**Information shown**
++++++++++++++++++++

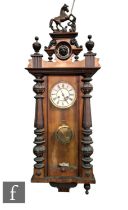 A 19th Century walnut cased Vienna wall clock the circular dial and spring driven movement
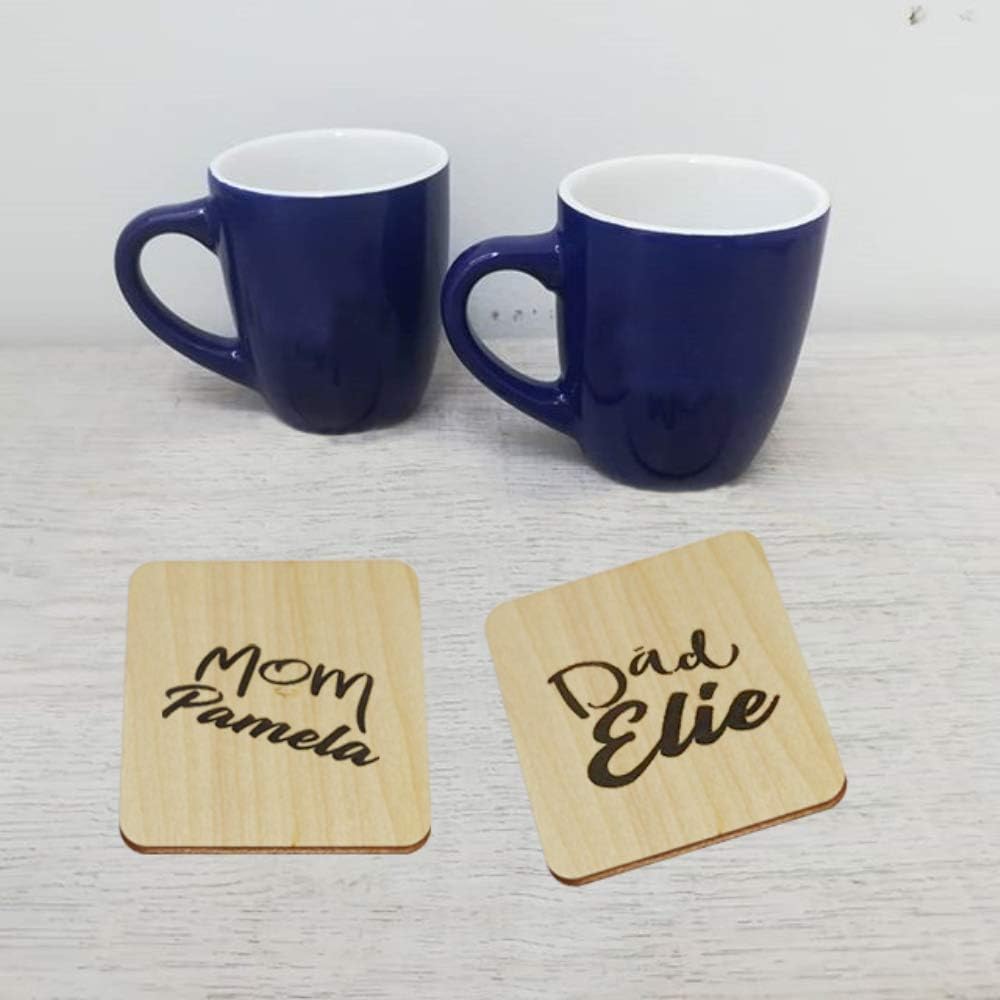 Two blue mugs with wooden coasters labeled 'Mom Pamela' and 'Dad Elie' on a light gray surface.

++++++++++++++++++++

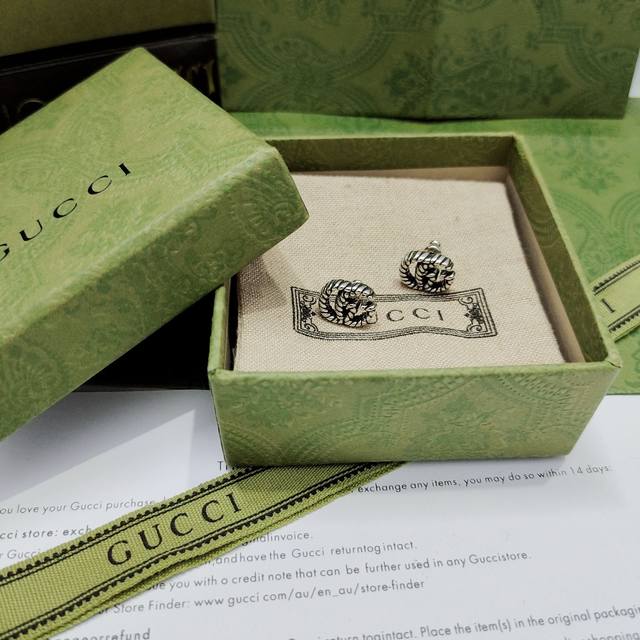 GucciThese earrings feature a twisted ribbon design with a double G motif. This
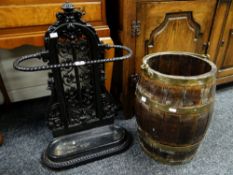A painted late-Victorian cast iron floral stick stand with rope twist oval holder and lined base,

++++++++++++++++++++

**What the task requires**
Print the part of the listing above that opens with the line containing "A 19th Century" and closes with the line containing "Two blue mugs". Copy it exactly, both ends included, and omit the pictures.

**Solution**
 A 19th Century walnut cased Vienna wall clock the circular dial and spring driven movement
 Two blue mugs with wooden coasters labeled 'Mom Pamela' and 'Dad Elie' on a light gray surface.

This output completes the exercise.